A precise copy of the data is required, with every picture left out.

### Data
# # #

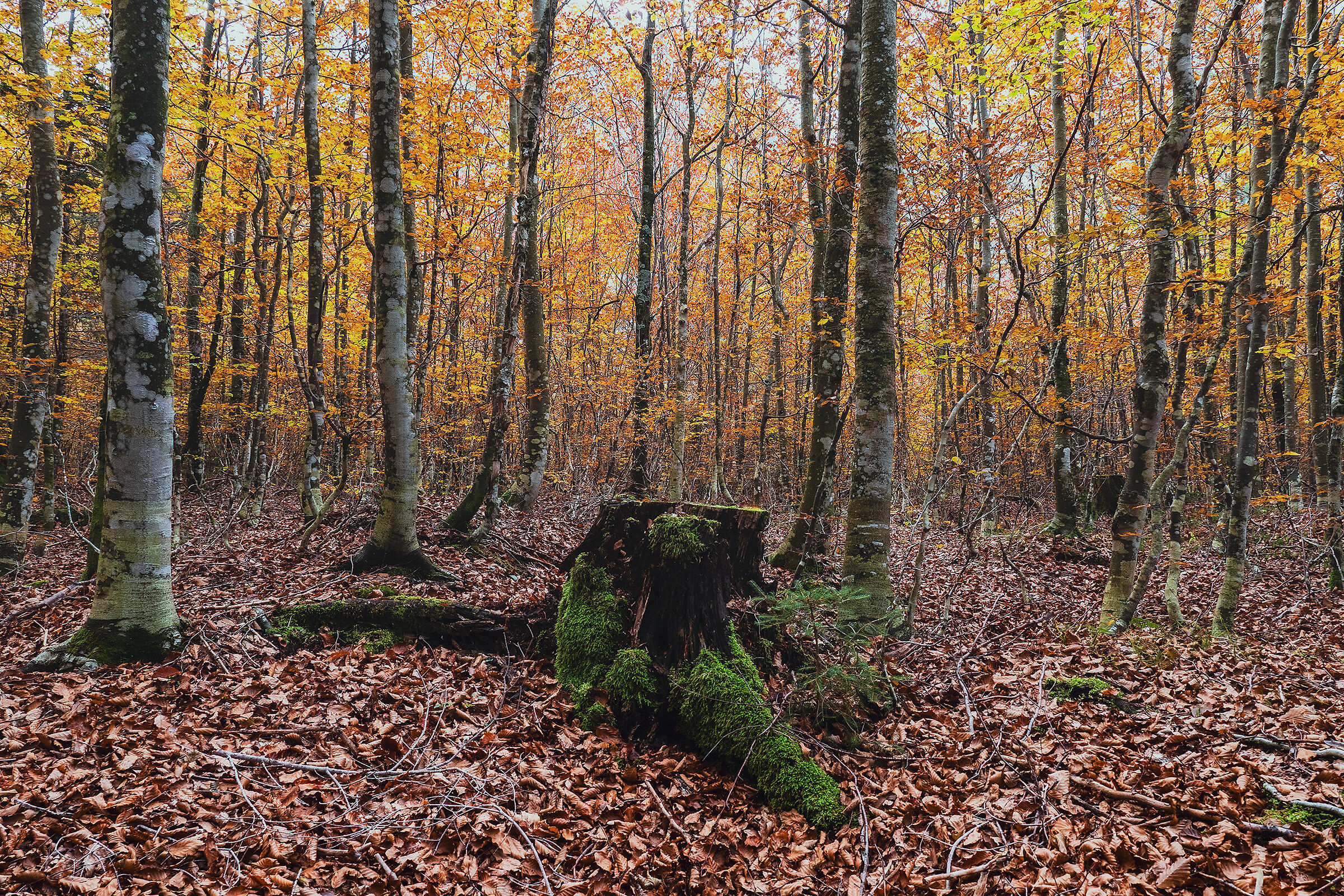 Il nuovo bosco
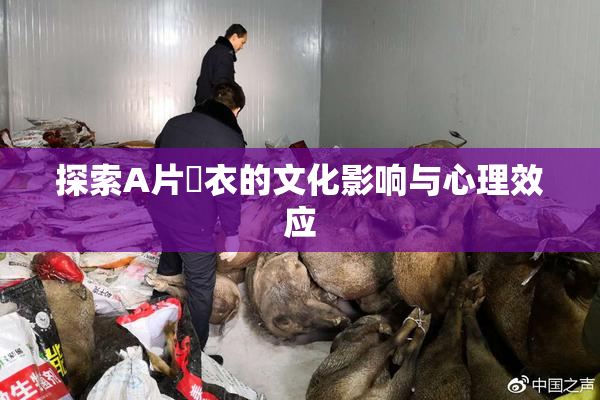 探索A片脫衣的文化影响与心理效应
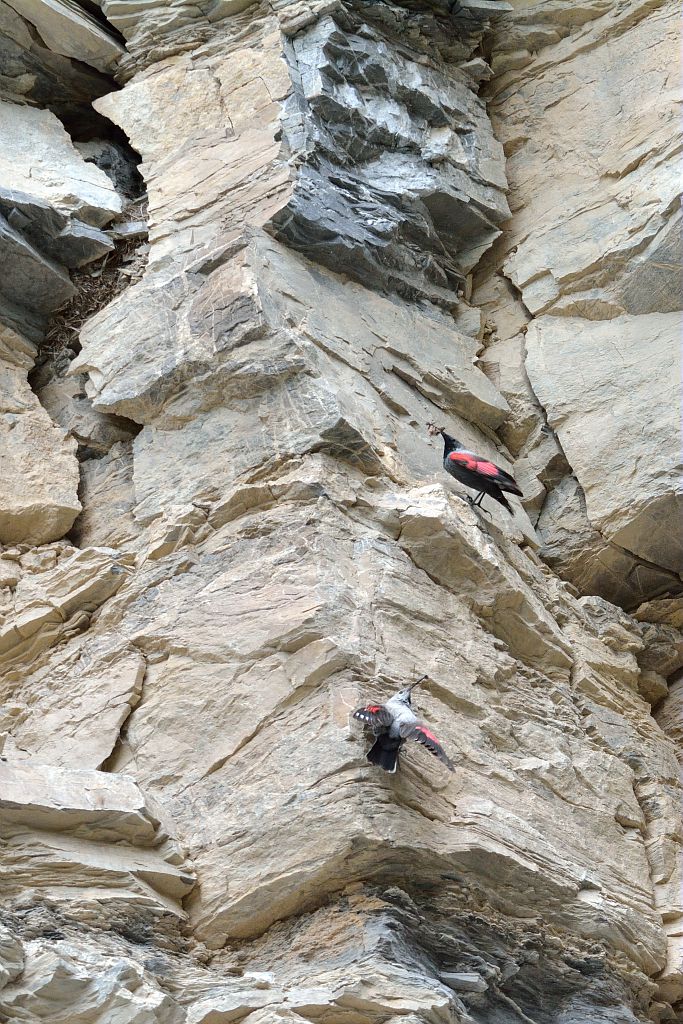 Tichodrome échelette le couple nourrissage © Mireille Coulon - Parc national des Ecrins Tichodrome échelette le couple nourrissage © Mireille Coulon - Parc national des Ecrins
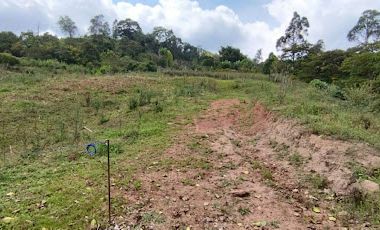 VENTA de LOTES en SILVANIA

# # #

### Result for this task
 Il nuovo bosco
 探索A片脫衣的文化影响与心理效应
 Tichodrome échelette le couple nourrissage © Mireille Coulon - Parc national des Ecrins Tichodrome échelette le couple nourrissage © Mireille Coulon - Parc national des Ecrins
 VENTA de LOTES en SILVANIA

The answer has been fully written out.